Data for this task

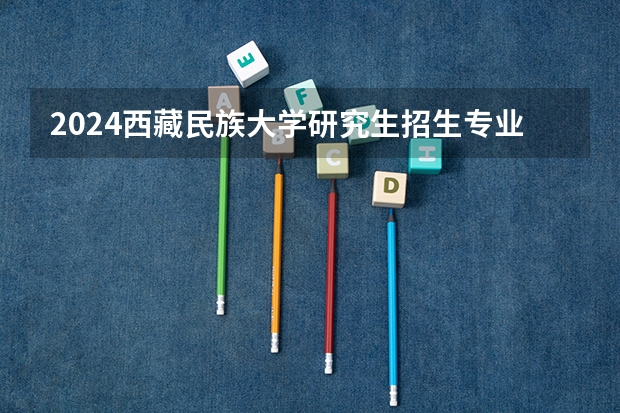 2024西藏民族大学研究生招生专业目录及考试科目(2024上海工程技术大学研究生招生专业目录及考试科目)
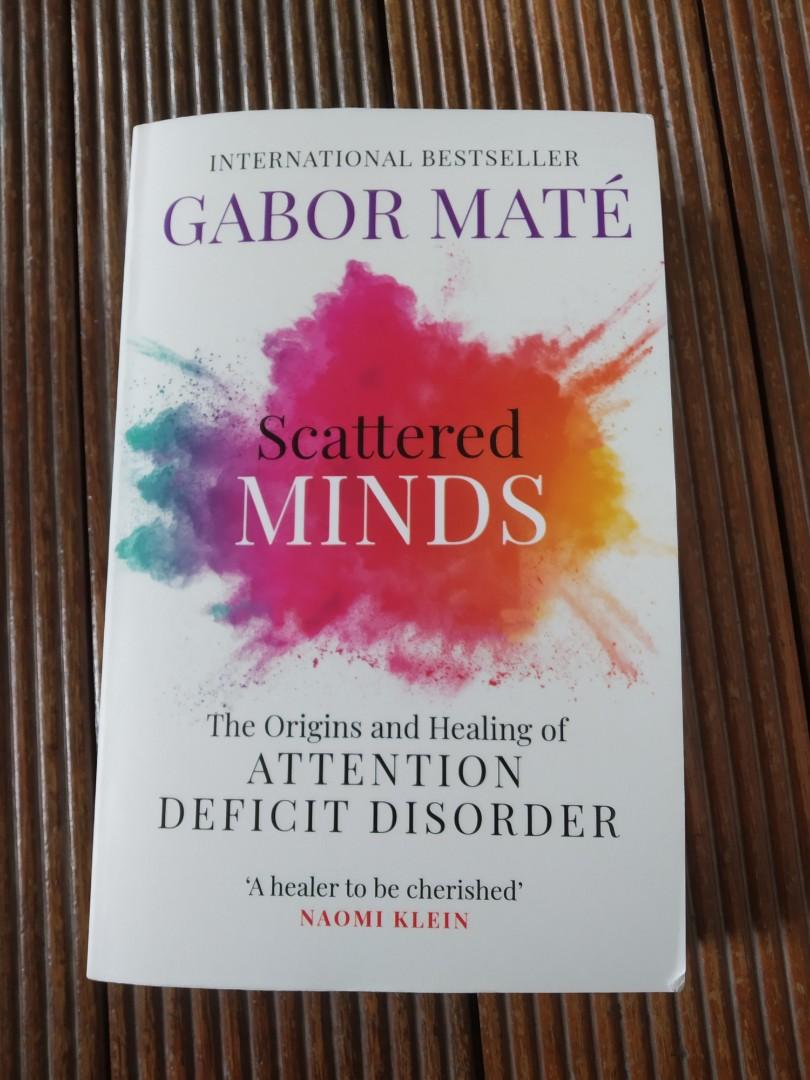 Gabor Mate Scattered Minds, Hobbies & Toys, Books & Magazines, Fiction & NonFiction on Carousell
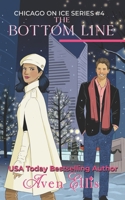 The Bottom Line: A hockey romance (Chicago On Ice) B0GDXRJG3P Book Cover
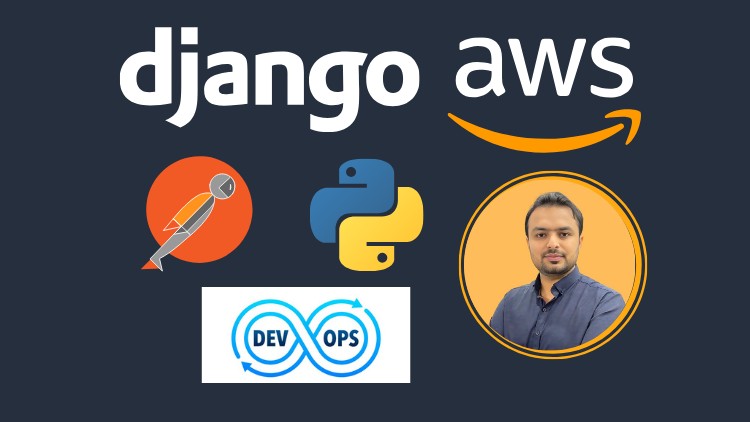 Learn Backend Development with Python Django and AWS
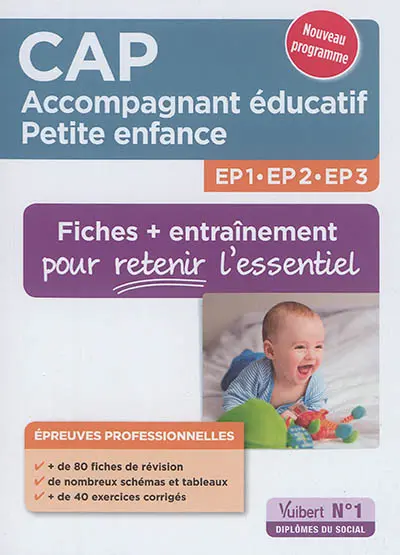 CAP accompagnant éducatif petite enfance, EP1, EP2, EP3 : fiches + entraînement pour retenir l'essentiel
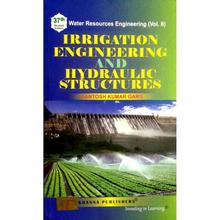 Irrigation Engineering And Hydraulic Structures By Santosh Kumar Garg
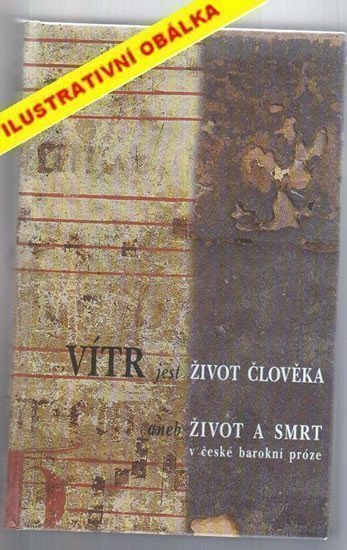 Sládek Miloš: Vítr jest život člověka aneb život a smrt v české barokní próze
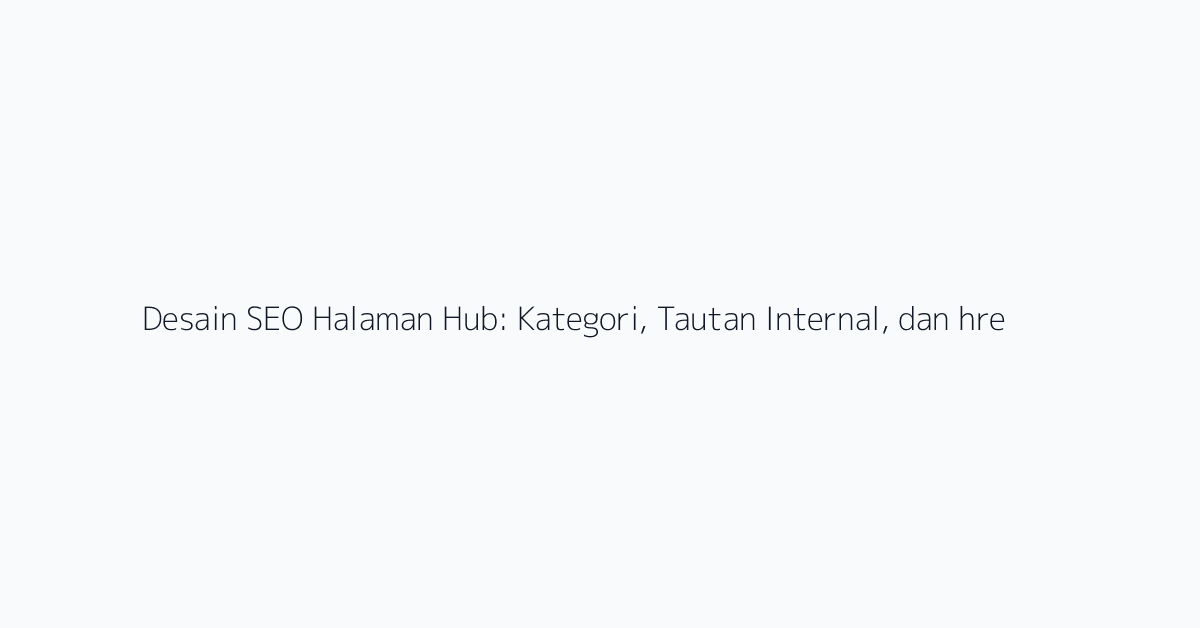 1 Tetapkan niat pengguna dulu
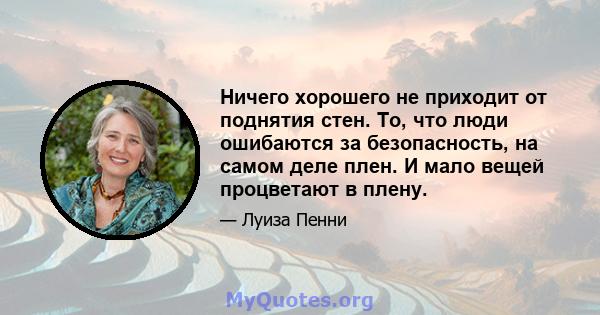 Ничего хорошего не приходит от поднятия стен. То, что люди ошибаются за безопасность, на самом деле плен. И мало вещей процветают в плену.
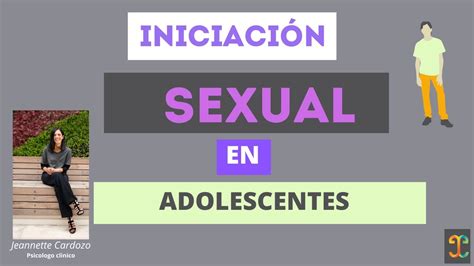 Iniciaci N Sexual En Adolescentes Entrevista Realizada Por Lidben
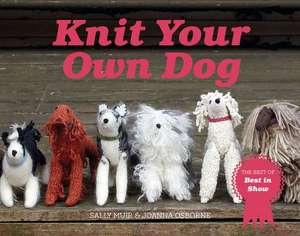 Knit Your Own Dog de Joanna Osborne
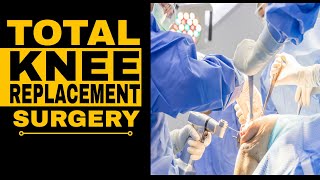 Total Knee Replacement Step-by-Step Procedure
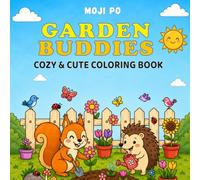 Garden Buddies Coloring Book: Cozy & Cute Coloring Book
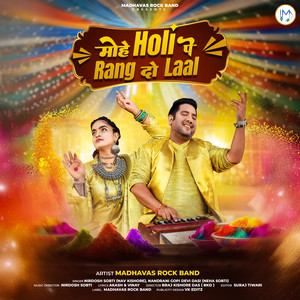 Mohe Holi Pe Rang Do Laal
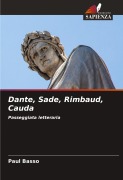 Cover-Bild zum Titel 'Dante, Sade, Rimbaud, Cauda' von 'Paul Basso'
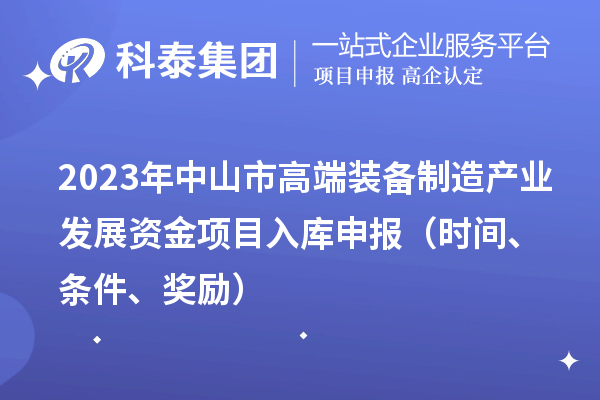 2023年中山市高端裝備制造產業發展資金項目入庫申報（時間、條件、獎勵）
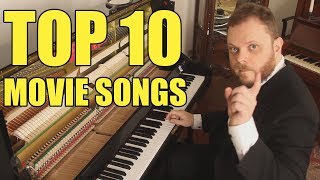 Top 10 Movie Songs on Piano [upl. by Sul561]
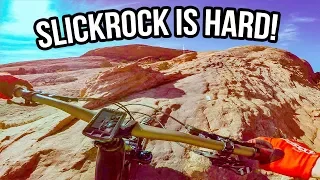 ...Maybe Slickrock Is A Harder Mountain Bike Trail Than I Thought? | Part 1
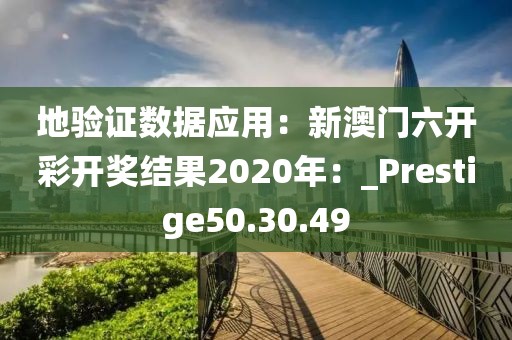 地验证数据应用：新澳门六开彩开奖结果2020年：_Prestige50.30.49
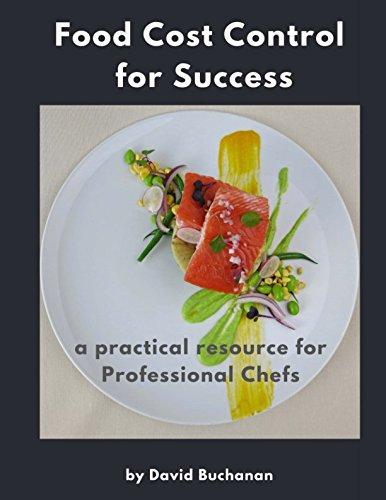 Food Cost Control for Success: a practical resource for Professional Chefs von Independently published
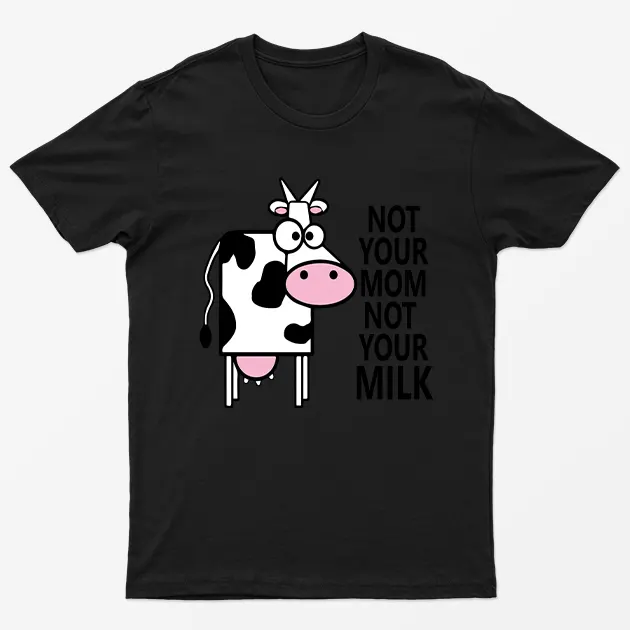 Black Not Your Mom Not Your Milk T-Shirt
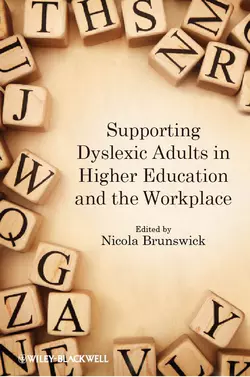 Supporting Dyslexic Adults in Higher Education and the Workplace, Nicola Brunswick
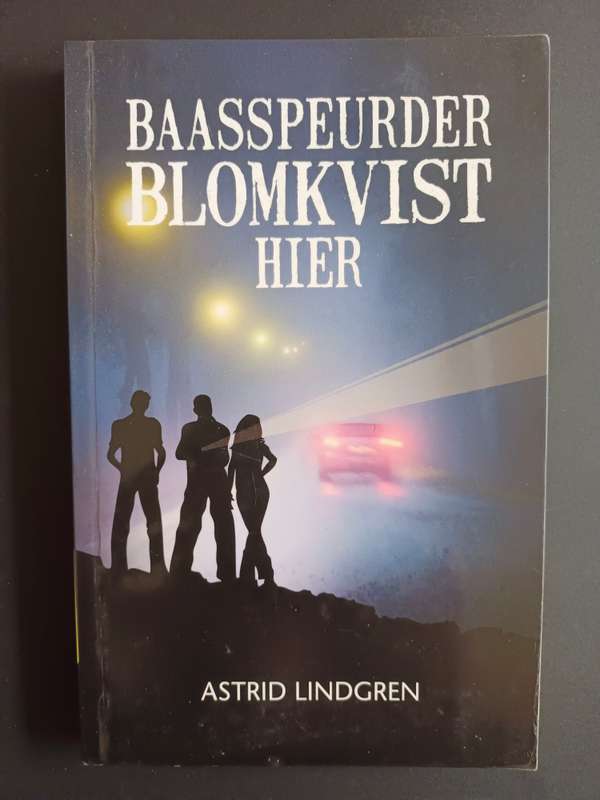 Baasspeurder Blomkvist/ Astrid Lindgren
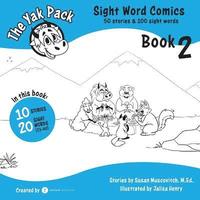 bokomslag The Yak Pack: Sight Word Comics: Book 2: Comic Books To Practice Reading Dolch Sight Words (21-40)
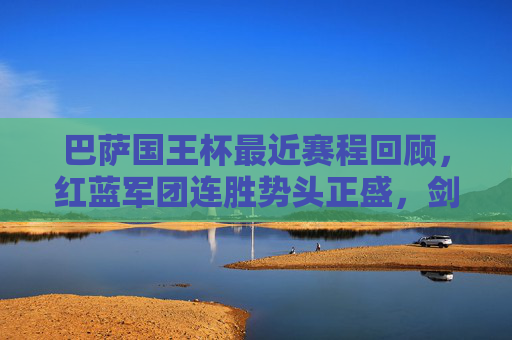 巴萨国王杯最近赛程回顾,红蓝军团连胜势头正盛,剑指第31座冠军,巴萨国王杯连胜高歌,红蓝军团剑指第31座冠军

Brief
Leave out the pictures and reproduce the rest of the listing exactly.

Solution
 2024西藏民族大学研究生招生专业目录及考试科目(2024上海工程技术大学研究生招生专业目录及考试科目)
 Gabor Mate Scattered Minds, Hobbies & Toys, Books & Magazines, Fiction & NonFiction on Carousell
 The Bottom Line: A hockey romance (Chicago On Ice) B0GDXRJG3P Book Cover
 Learn Backend Development with Python Django and AWS
 CAP accompagnant éducatif petite enfance, EP1, EP2, EP3 : fiches + entraînement pour retenir l'essentiel
 Irrigation Engineering And Hydraulic Structures By Santosh Kumar Garg
 Sládek Miloš: Vítr jest život člověka aneb život a smrt v české barokní próze
 1 Tetapkan niat pengguna dulu
 Ничего хорошего не приходит от поднятия стен. То, что люди ошибаются за безопасность, на самом деле плен. И мало вещей процветают в плену.
 Iniciaci N Sexual En Adolescentes Entrevista Realizada Por Lidben
 Knit Your Own Dog de Joanna Osborne
 Total Knee Replacement Step-by-Step Procedure
 Garden Buddies Coloring Book: Cozy & Cute Coloring Book
 Mohe Holi Pe Rang Do Laal
 Cover-Bild zum Titel 'Dante, Sade, Rimbaud, Cauda' von 'Paul Basso'
 2023年中山市高端裝備制造產業發展資金項目入庫申報（時間、條件、獎勵）
 Top 10 Movie Songs on Piano [upl. by Sul561]
 ...Maybe Slickrock Is A Harder Mountain Bike Trail Than I Thought? | Part 1
 地验证数据应用：新澳门六开彩开奖结果2020年：_Prestige50.30.49
 Food Cost Control for Success: a practical resource for Professional Chefs von Independently published
 Black Not Your Mom Not Your Milk T-Shirt
 Supporting Dyslexic Adults in Higher Education and the Workplace, Nicola Brunswick
 Baasspeurder Blomkvist/ Astrid Lindgren
 bokomslag The Yak Pack: Sight Word Comics: Book 2: Comic Books To Practice Reading Dolch Sight Words (21-40)
 巴萨国王杯最近赛程回顾,红蓝军团连胜势头正盛,剑指第31座冠军,巴萨国王杯连胜高歌,红蓝军团剑指第31座冠军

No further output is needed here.